:: SOURCE DATA

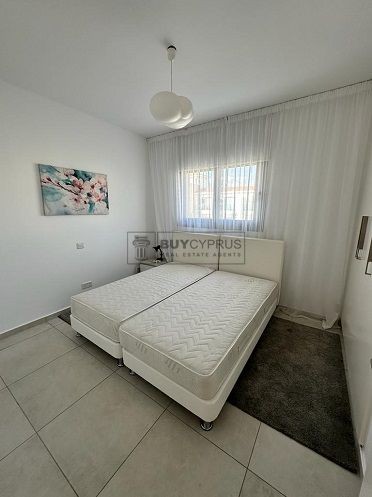 Image No.25-3 Bed Property for sale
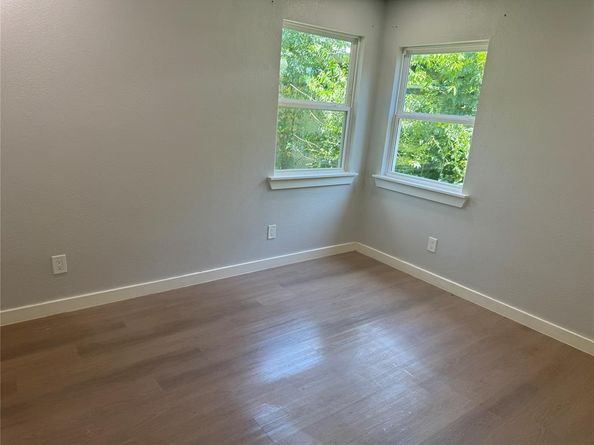 1123  Hansboro Avenue , Dallas Texas 75224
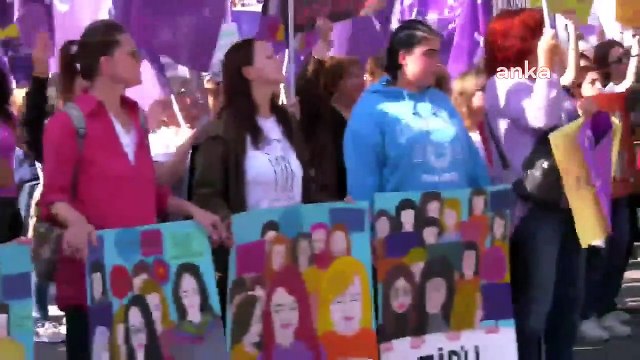 Tip'li Kadınlardan Kadıköy'de 'Özgürlük' Buluşması... Sera Kadıgil: Ülkemizin Başına Çöreklenen Şu Karanlığın Ne İsrail'in Faşizminden Ne Hamas'ın...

::::

■ BRIEF ■
Pictures are to be omitted; otherwise, write out the data exactly as it appears.

■ ANSWER FOR THE TASK ■
 Image No.25-3 Bed Property for sale
 1123  Hansboro Avenue , Dallas Texas 75224
 Tip'li Kadınlardan Kadıköy'de 'Özgürlük' Buluşması... Sera Kadıgil: Ülkemizin Başına Çöreklenen Şu Karanlığın Ne İsrail'in Faşizminden Ne Hamas'ın...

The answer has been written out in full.